Exercise requirements: Within this material, how many lines include the word "Beach"? Answer with a number and nothing more.

Given records:
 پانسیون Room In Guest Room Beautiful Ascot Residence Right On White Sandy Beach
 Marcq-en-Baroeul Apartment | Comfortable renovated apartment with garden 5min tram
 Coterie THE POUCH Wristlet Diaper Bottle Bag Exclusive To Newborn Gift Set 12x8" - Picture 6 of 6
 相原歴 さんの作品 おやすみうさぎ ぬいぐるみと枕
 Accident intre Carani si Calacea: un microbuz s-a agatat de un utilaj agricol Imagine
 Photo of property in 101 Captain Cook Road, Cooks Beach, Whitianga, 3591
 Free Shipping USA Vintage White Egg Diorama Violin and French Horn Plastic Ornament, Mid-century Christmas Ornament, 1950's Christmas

Answer: 2